As Peter Wehner notes in YG Network's Room To Grow, polling shows that twice as many Americans feel that "members of the middle class have less, rather than more, opportunity to get ahead than their parents' generation," while a strong, 59-percent majority are concerned they will fall out of their present economic class in the near future.

Unfortunately, working middle-class families have good reason for concern: our stagnant economy is not only impeding their progress, but making it much tougher to maintain their tenuous foothold in middle-class life.

A statistical analysis featured in Monday's Wall Street Journal reveals some startling facts:

America's middle class "has seen its average income decline to $62,464 from $65,672. More than half of this decline has occurred since the recovery officially began in the second quarter of 2009," while "[u]nder the Obama administration, the median income of women has fallen more during the recovery than it did during the recession, an unprecedented economic failure in postwar America."

The analysis also reveals that the "real median income for African-American households has fallen by 9.5%, more than any other major census classification," while the incomes of Hispanic Americans have plummeted as well, declining every year since 2008 to a point lower than at any time since the Carter Administration.

Meanwhile the costs of middle-class life continue to rise. Reuters reports that an "average middle-income family in the United States can expect to spend about $245,000 over 18 years to raise a child born in 2013," according to research from the USDA, as child-raising costs continue to outpace inflation. And the rising costs of things like healthcare, education, and energy are squeezing working families even further.
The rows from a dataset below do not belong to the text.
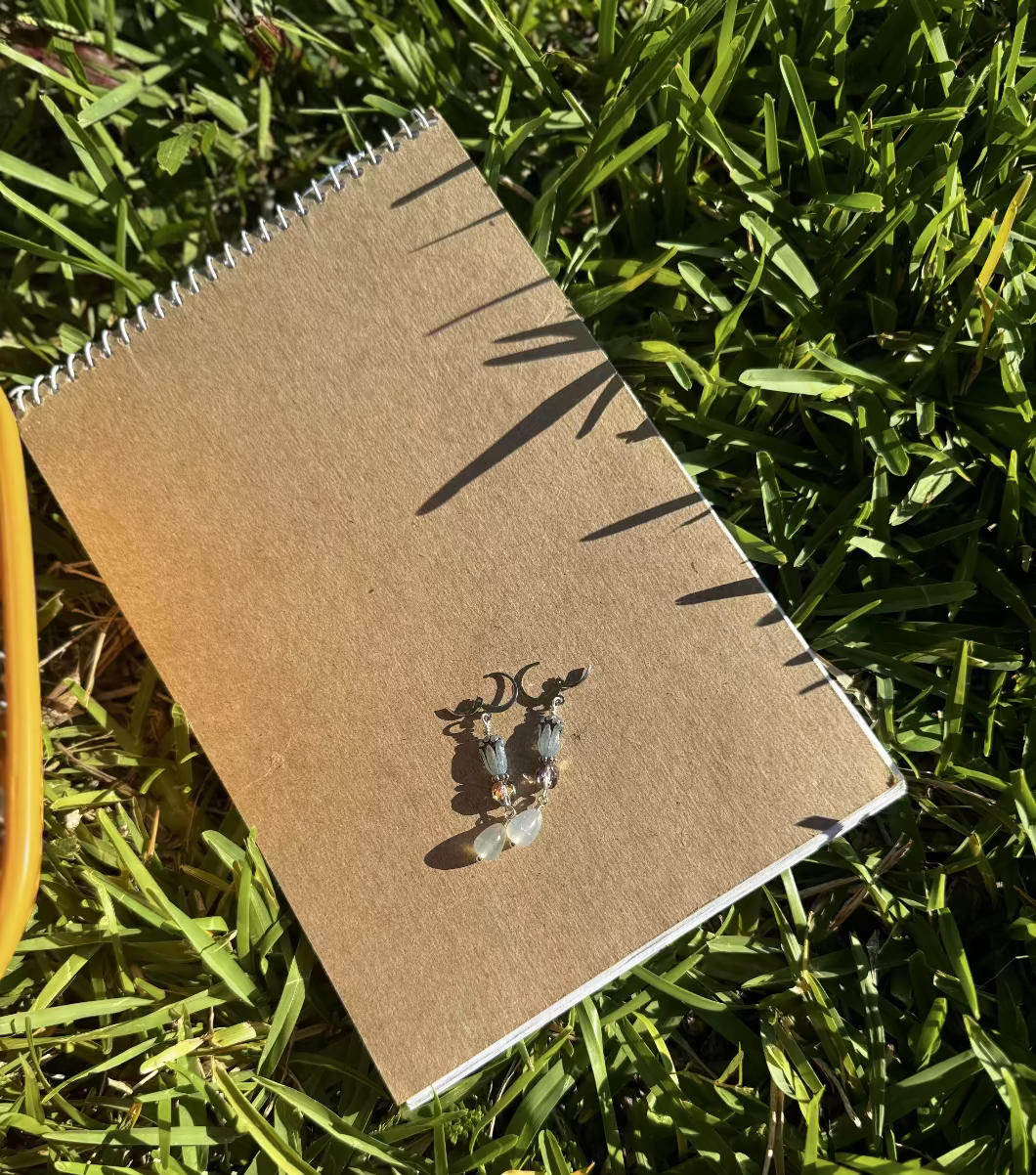 A pair of blue tulip silver earrings with a leverback closure, displayed on a brown notebook outdoors.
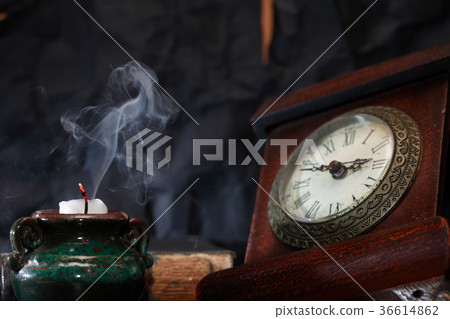 Extinguished Candle Near Clock Extinguished Candle Near Clock 36614862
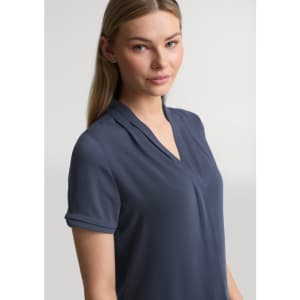 A womens short sleeve shirt in navy blue with a v-neckline and rolled sleeves. Features a subtle logo.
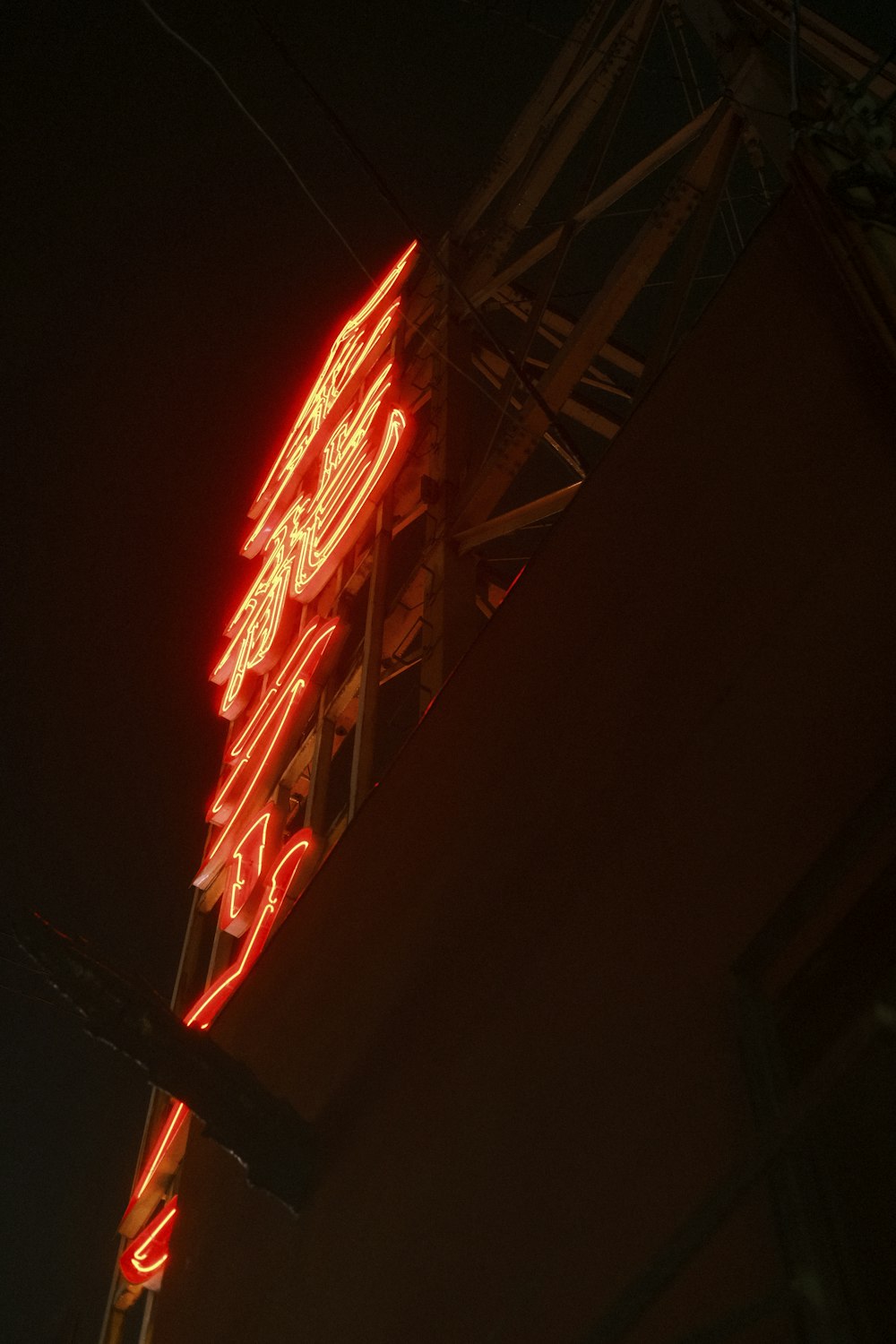 a red neon sign hanging from the side of a building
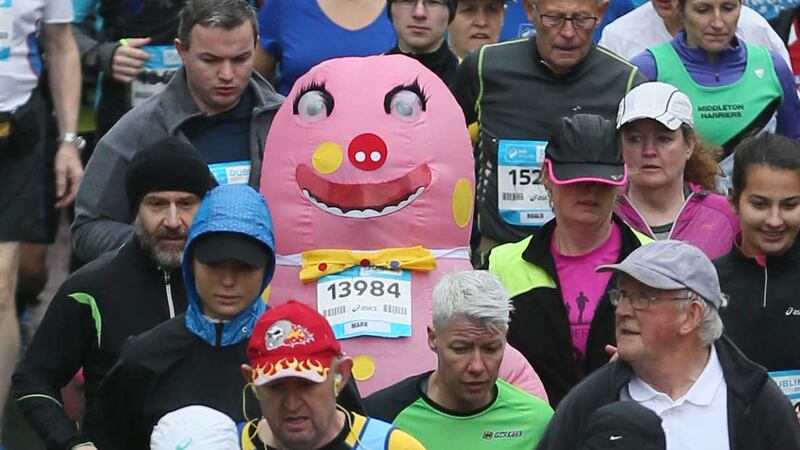 Mr Blobby sets off alongside thousands of other runners in the Dublin marathon. Picture by Niall Carson, PA Wire
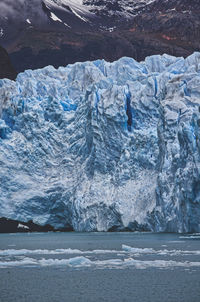 Scenic view of frozen sea against mountain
Americans are struggling to keep up with these higher costs, because, as the Washington Post recently noted, higher wages "have not yet materialized."

So while the president and his acolytes continue to pat their own backs, oblivious to the ill effects of their liberal policies, it's no wonder a recent Wall Street Journal/NBC News poll reveals that just 3 percent of Americans are "very satisfied" with the economy, while more than seven-in-ten believe we're on the wrong track under Obama.
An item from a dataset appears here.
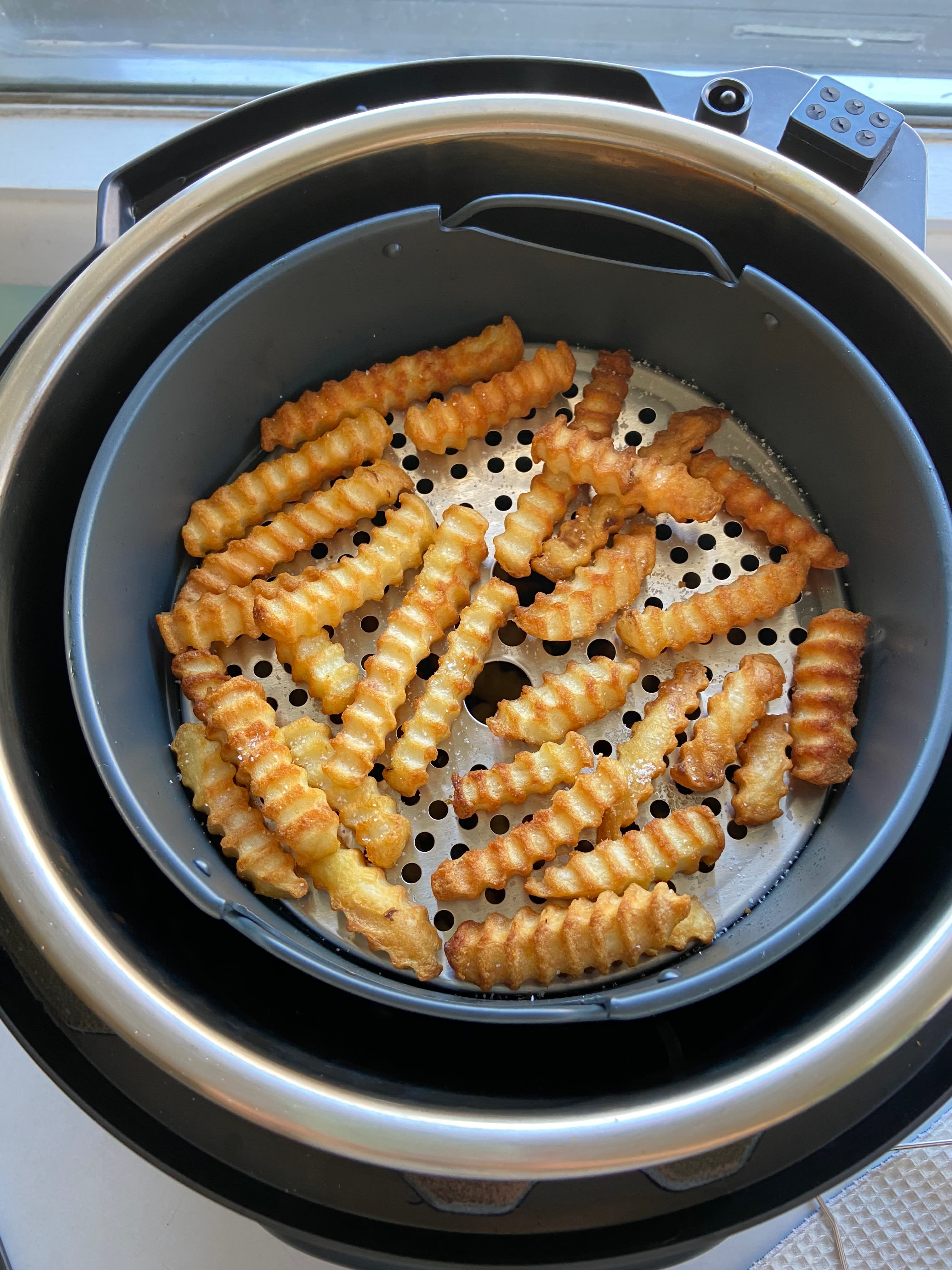 The Instant Pot Air Fryer Lid works as promised, but only for small batches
The middle class needs help now. And it's clear that they can't look to the Left to provide the relief they need.

That's why YG Network is continuing to press leaders to take up our conservative reform agenda, a set of principled, workable policies focused on growing our economy, helping middle-class Americans achieve the economic security they need so badly, and providing the opportunity for more low-income Americans to rise into the middle class.

While Obamacare continues to saddle hardworking Americans with higher costs and threaten their coverage, reform-minded conservatives have a plan to lower health care costs while actually improving access and quality.

While big-government liberals continue to espouse growth-killing tax hikes, conservative reformers are advocating smart tax reforms that will strengthen the economy and lighten the burdens families bear, so they can regain their footing once again. And while liberals' over-taxing, over-regulating agenda has held job-growth back, we're putting forth new ideas to tackle long-term unemployment, get Americans working again, reform broken and outdated safety-net programs, and give working families the flexibility they need to balance work and family.

Meanwhile, we've got plans to tackle the runaway costs of higher education, and strengthen K-12 education so our kids are prepared to seize the opportunities offered to them by a growing economy.

Conservative columnist Byron York, writing in the upcoming edition of Foreign Affairs, credits reform conservatives for our laser-like focus on addressing pressing middle-class challenges, and for "launch[ing] the most extensive rethinking of conservative policy in a generation." And Senators Marco Rubio, Mike Lee, and other dynamic conservative leaders are embracing these new, forward-looking ideas.

As principled conservatives continue to unite under the banner of reform, our true test will be whether we can make our proposals reality, and create a brighter future for hardworking people throughout our country. With the pain being felt by middle-class families under President Obama and his misguided agenda, it's clear that our work is urgent, and our success can't come quickly enough.